In the presented work, the molecular and conformational dynamics of flexible organic cations in the smectic A phase of the ionic liquid C₁₄mimNO₃ was studied by means of ¹H–¹³C dipolar NMR. We demonstrated that the solid-state dipolar NMR spectroscopy in ILC samples is a powerful tool sensitive to details of the molecular conformation and dynamics in the organic smectic layer. The approach does not require isotope labelling; the measurements are performed in samples with natural isotopic abundance. With the sample director aligned in the magnetic field of the spectrometer, the solid-state high-resolution NMR spectra can be obtained in a stationary sample without the necessity of using a magic angle spinning technique.

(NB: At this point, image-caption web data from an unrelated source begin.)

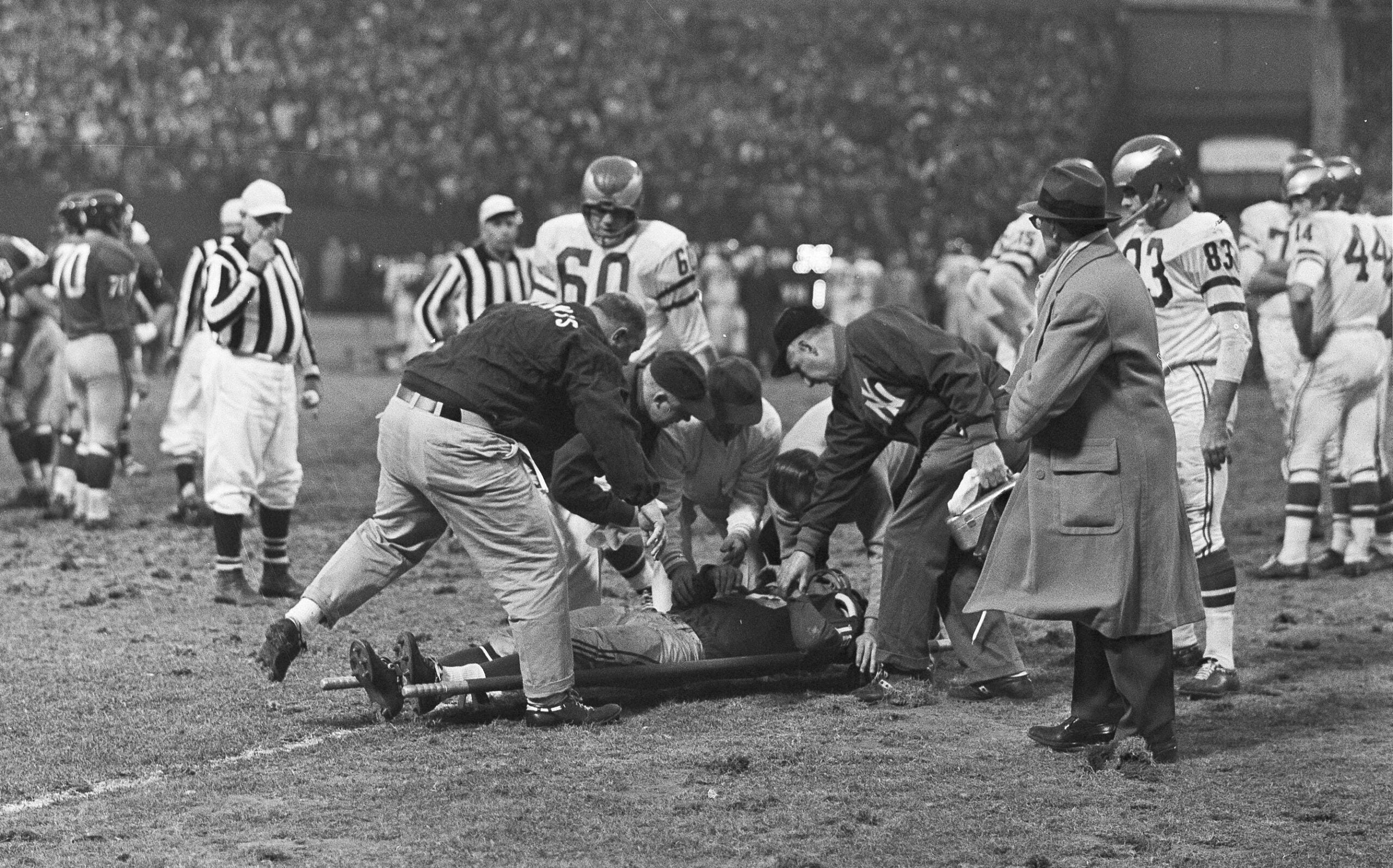 Chuck Bednarik, NFL Hall of Famer for Philadelphia Eagles, dead at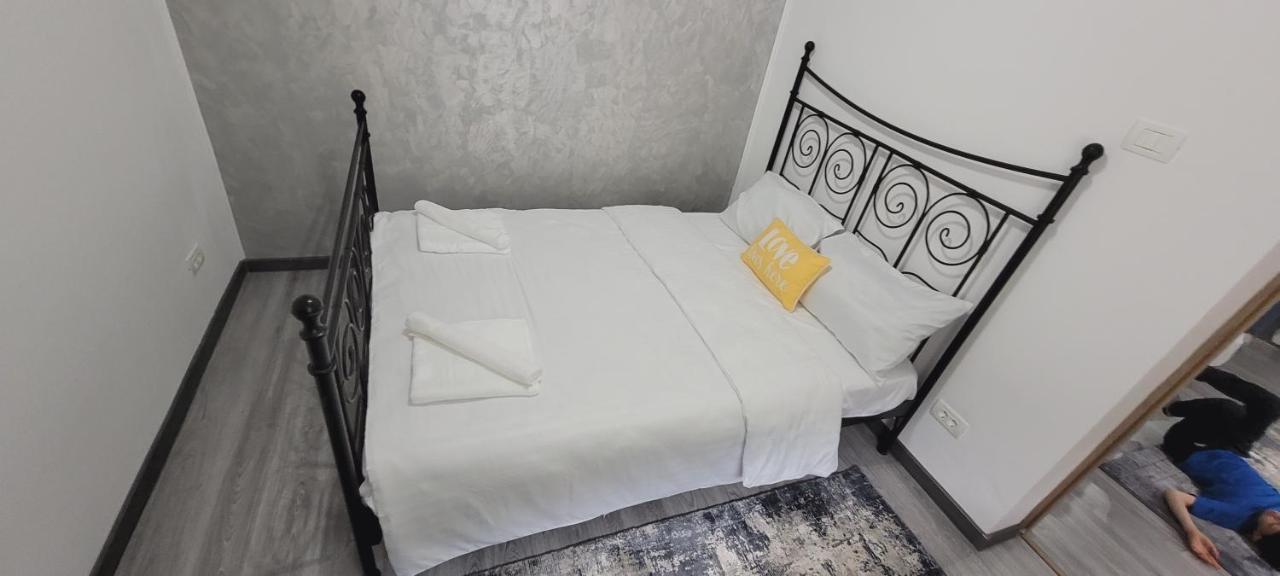 Andi 2-Apartament Băile Herculane Extérieur photo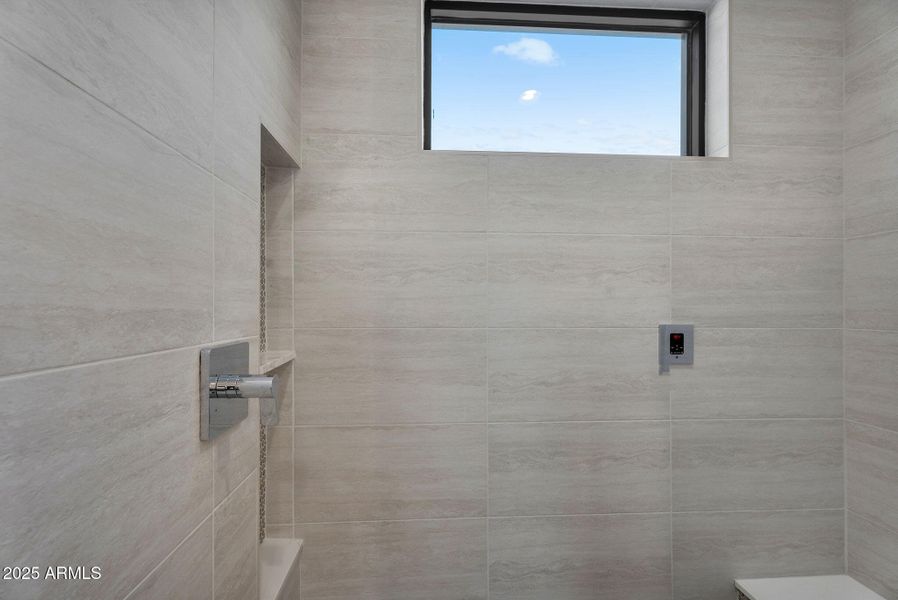 56-web-or-mls-North 39th-37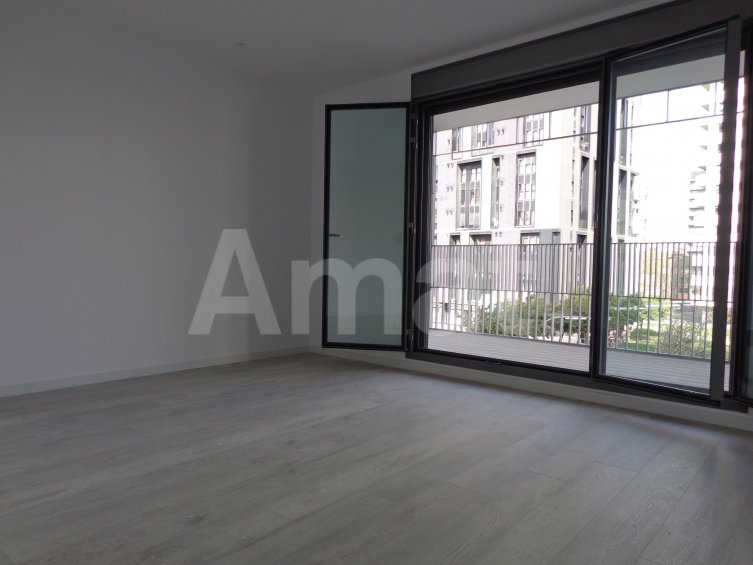 Flat with community pool for rent -2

The obtained experimental data are consistent with the model of the chains preferentially aligned with the layer normal and characterized by relatively low values of the orientational order parameters. Within the temperature interval of the smectic phase, the molecular order parameter S is in the range of 0.25–0.35, which is in approximate agreement with the results of MD analysis of the C16-homologue sample [19,31]. The high rotational/conformational mobility of the organic component in the smectic phase is also accompanied by fast translational displacement as has been shown in experimental and computational diffusion studies of structurally similar ILC [30,32]. Thus, this and previous studies prove highly dynamic behaviour of organic cations in smectic bilayers in ILC.